If more time during preprocessing is allowed, another idea is to
treat the wildcard expressions as regular expressions, convert
each into a finite state machine, construct the "intersection" of
all these state machines, minimize it and then swap final and non-final
states. Then you can use the resulting automaton to efficiently
enumerate S^n - W. In the above case, the resulting FSM would have just
three states.
And it doesn't really matter what language you use to implement this
algorithm, it's the idea that counts. Notation aside, all
implementations will be quite similar.
- Dirk
"And it doesn't really matter what language you use to implement this
algorithm, it's the idea that counts. Notation aside, all
implementations will be quite similar."
I'll guess I'll get out my Turing tape. ;)
What are some good references for finite state machines? Minimization?
·········@cox.net <·········@cox.net> wrote:
> What are some good references for finite state machines? Minimization?
A classic is "Introduction to automata theory, languages and computation"

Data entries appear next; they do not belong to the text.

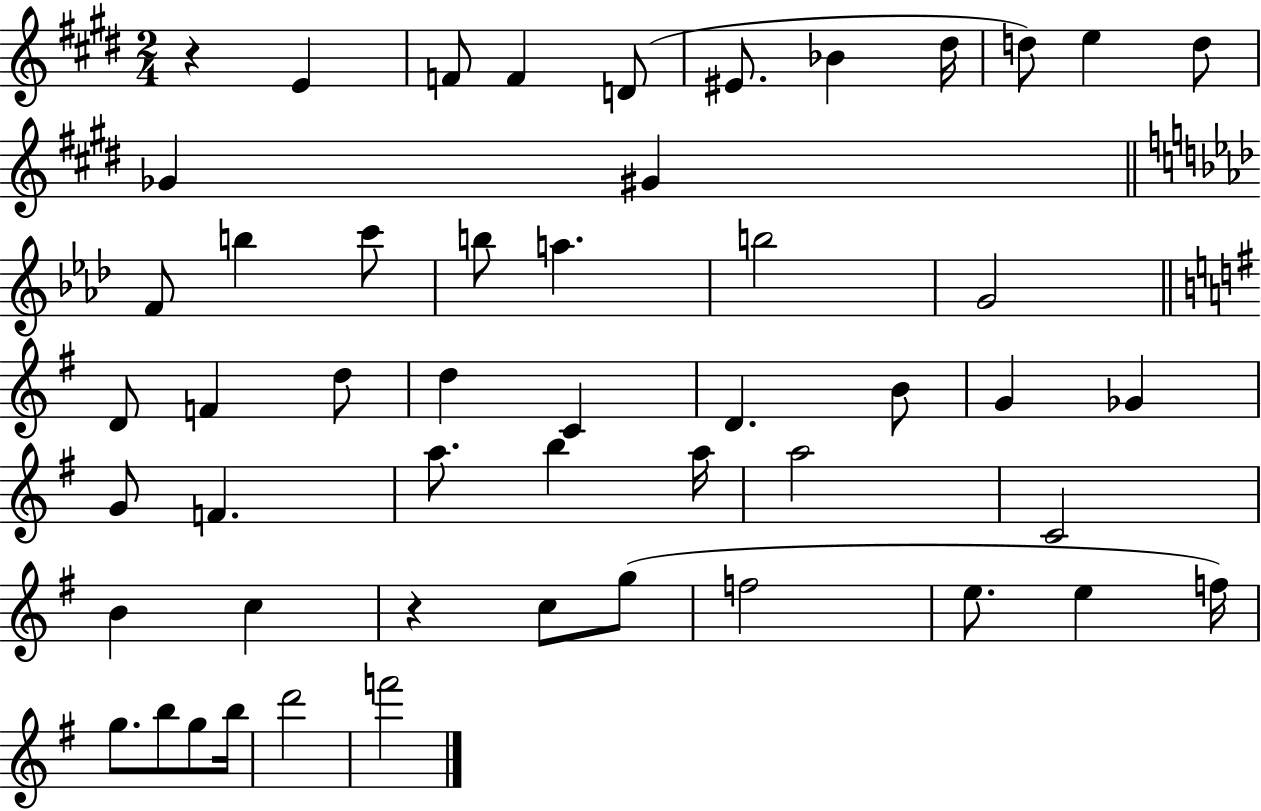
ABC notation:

X:1
T:Untitled
M:2/4
L:1/4
K:E
z E F/2 F D/2 ^E/2 _B ^d/4 d/2 e d/2 _G ^G F/2 b c'/2 b/2 a b2 G2 D/2 F d/2 d C D B/2 G _G G/2 F a/2 b a/4 a2 C2 B c z c/2 g/2 f2 e/2 e f/4 g/2 b/2 g/2 b/4 d'2 f'2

by Hopcroft and Ullman. But any other book about finite state machines
should cover these topics, too. There are good chances that you can just
google for a detailed explanation.
- Dirk
Dirk Thierbach wrote:
> If more time during preprocessing is allowed, another idea is to
> treat the wildcard expressions as regular expressions, convert
> each into a finite state machine, construct the "intersection" of
> all these state machines, minimize it and then swap final and non-final
> states.
Given the requirements, did you mean taking the *union* and swapping
states? Or maybe swapping states first, and then taking the
intersection?
> Then you can use the resulting automaton to efficiently
> enumerate S^n - W. In the above case, the resulting FSM would have just
> three states.
I don't see immediately how exactly this is going to work. Unless I'm
very much mistaken, a FSA in the classical sense will accept or reject
only after the whole sequence has been consumed, and this spells
exponential times. For improved asymptotic complexity in this case,
you need to be able to at least reject in mid-sequence, and that calls
for a slightly different concept of a FSA -- is this what you meant?
Cheers,
Dinko
Dinko Tenev <···········@gmail.com> wrote:
> Dirk Thierbach wrote:
>> If more time during preprocessing is allowed, another idea is to
>> treat the wildcard expressions as regular expressions, convert
>> each into a finite state machine, construct the "intersection" of
>> all these state machines, minimize it and then swap final and non-final
>> states.
> Given the requirements, did you mean taking the *union* and swapping
> states? Or maybe swapping states first, and then taking the
> intersection?
Whatever the requirements were. Take your pick. :-)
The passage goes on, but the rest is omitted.